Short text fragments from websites
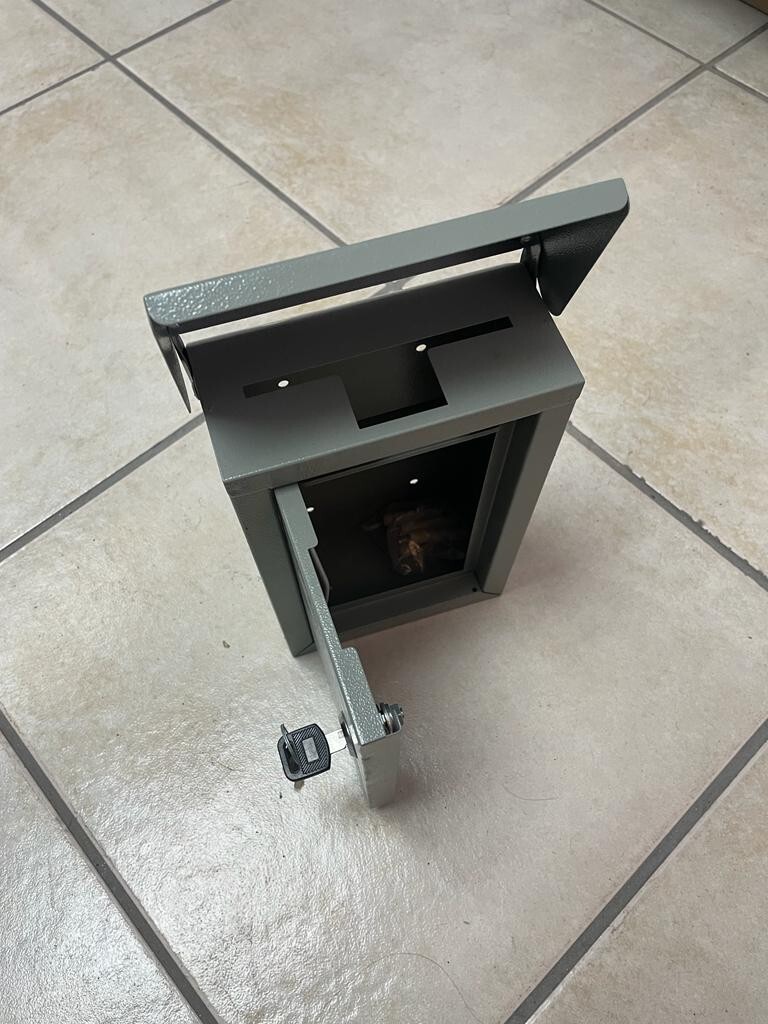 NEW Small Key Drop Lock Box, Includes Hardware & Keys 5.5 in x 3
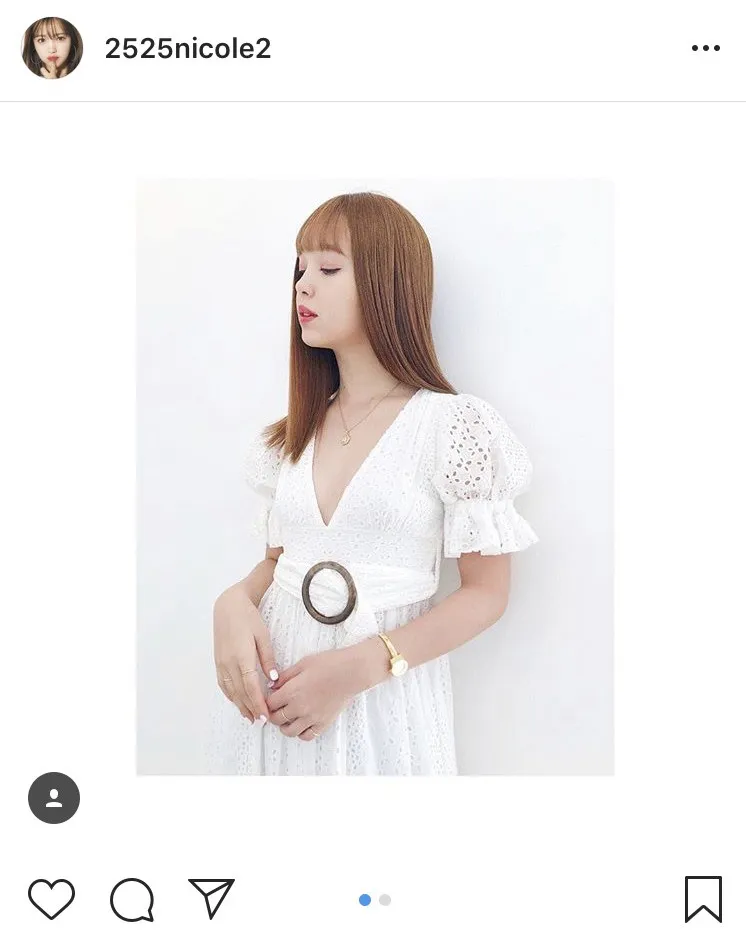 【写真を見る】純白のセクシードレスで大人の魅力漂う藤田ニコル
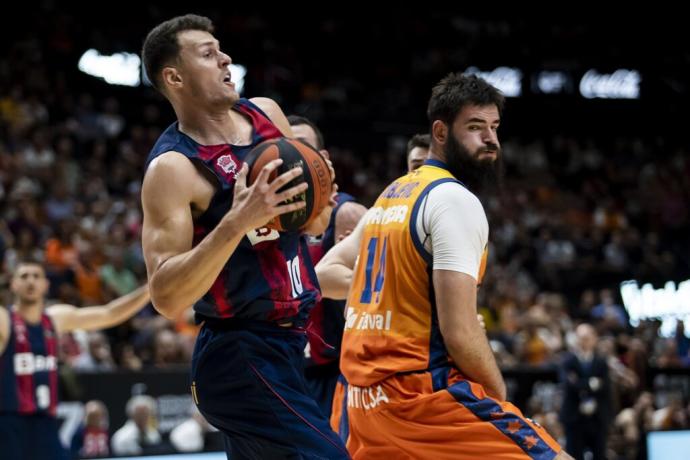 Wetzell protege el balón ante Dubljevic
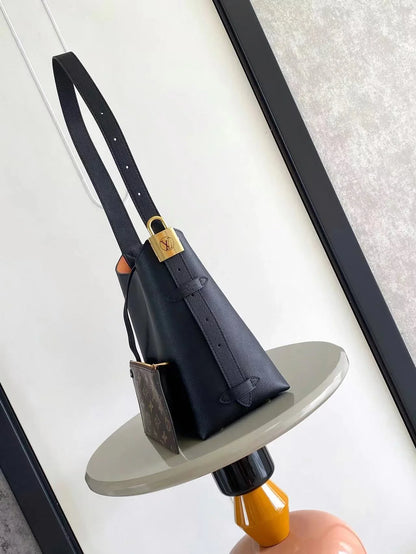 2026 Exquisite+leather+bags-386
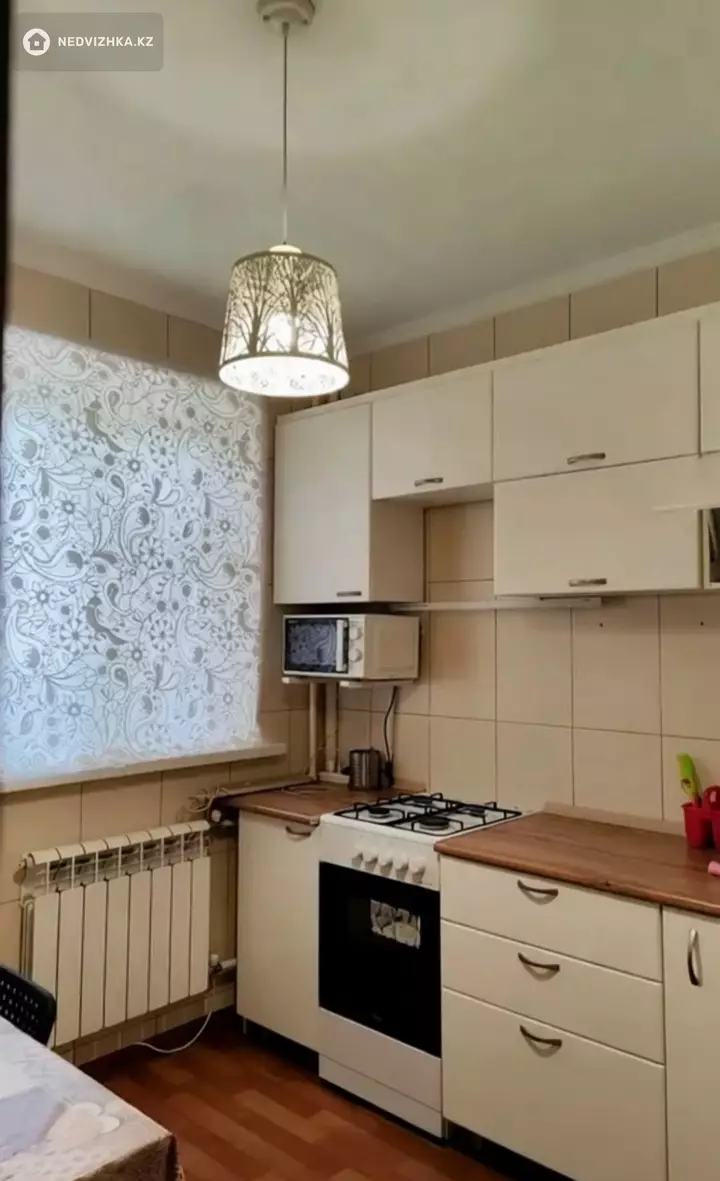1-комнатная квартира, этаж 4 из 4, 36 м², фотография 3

◆ PROBLEM DETAILS
Output each record above exactly as written. Skip any pictures.

◆ TASK RESPONSE
 NEW Small Key Drop Lock Box, Includes Hardware & Keys 5.5 in x 3
 【写真を見る】純白のセクシードレスで大人の魅力漂う藤田ニコル
 Wetzell protege el balón ante Dubljevic
 2026 Exquisite+leather+bags-386
1-комнатная квартира, этаж 4 из 4, 36 м², фотография 3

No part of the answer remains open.